🇳🇱 Netherlands · Family: Broodje Vlees & Vleeswaren · Region: Netherlands (Modern)
The Broodje Pulled Pork is the Dutch lunch counter's adoption of American barbecue: pork shoulder cooked low and slow until it shreds, then piled into a roll. It sits in the modern end of the Dutch broodje range, an import rather than a tradition, and it shows up wherever a broodjeszaak or food stall wants something heartier and more fashionable than the standard ham or cheese. The angle here is texture and sauce: a sandwich built entirely around meat that has been cooked until it gives way, and the sauce that decides whether the result tastes balanced or just sweet.

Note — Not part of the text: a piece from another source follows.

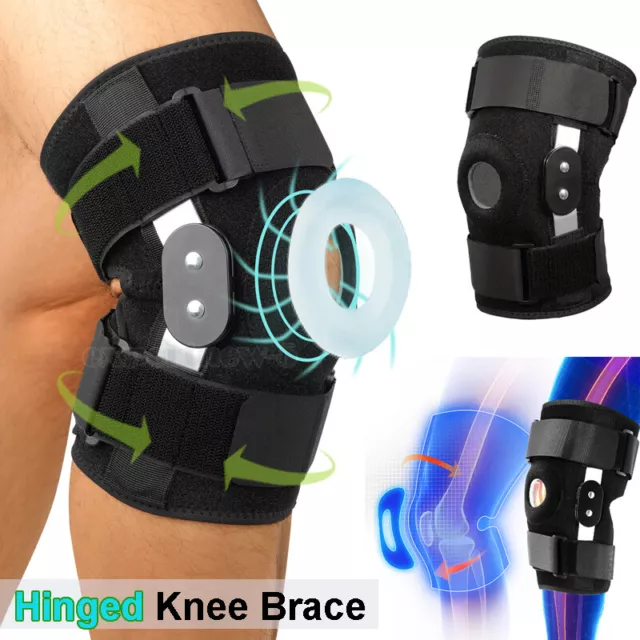 Hinged Neoprene Adjustable Open Knee Patella Tendon Metal Support Brace Sleeve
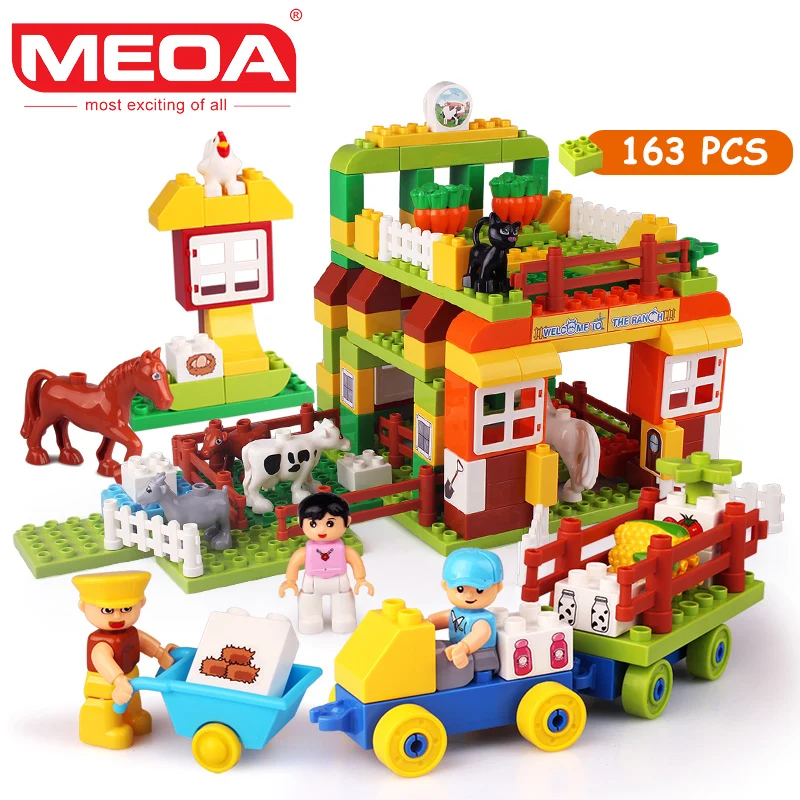 

MEOA 163pcs Large Building Blocks My Town Model Building Kits Educational Toys For Children Compatible With Duplo Brick DT1625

The build is short but every step carries weight. The pork shoulder is seasoned, cooked for hours until the connective tissue breaks down, then pulled into strands rather than chopped, because chopping turns it pasty and pulling keeps the bite open. A barbecue sauce is folded through the warm meat, not poured on top, so every strand carries flavor instead of the sauce sitting in a puddle at the bottom of the roll. The bread is a soft white bun or broodje, often lightly toasted on the cut face to give the moist filling something to push against. A crisp element, slaw or pickle, is the part careful kitchens get right and careless ones skip: without it the sandwich is one soft, sweet note from first bite to last. Good execution is moist, tender pork, sauce that reads smoky and tangy rather than candied, and a roll that holds. Sloppy execution is dry, stringy meat reheated too hard, drowned in sweet sauce, in a bun gone to mush.
Variation tracks the sauce and the topping. A vinegar-forward sauce keeps it sharp and lean; a thick molasses-style sauce pushes it rich and dark. Coleslaw built into the roll adds crunch and acid; pickled onion or jalapeño turns up the contrast. Some stalls add cheese or crispy onions, which moves it toward a loaded street item. The broader Dutch meat-roll family it descends from, the broodje vlees, covers cured and cooked fillings on its own terms and deserves its own article rather than being crowded in here. At its best the Broodje Pulled Pork lives or dies on two things: pork cooked long enough to surrender, and a sauce restrained enough to season it rather than bury it.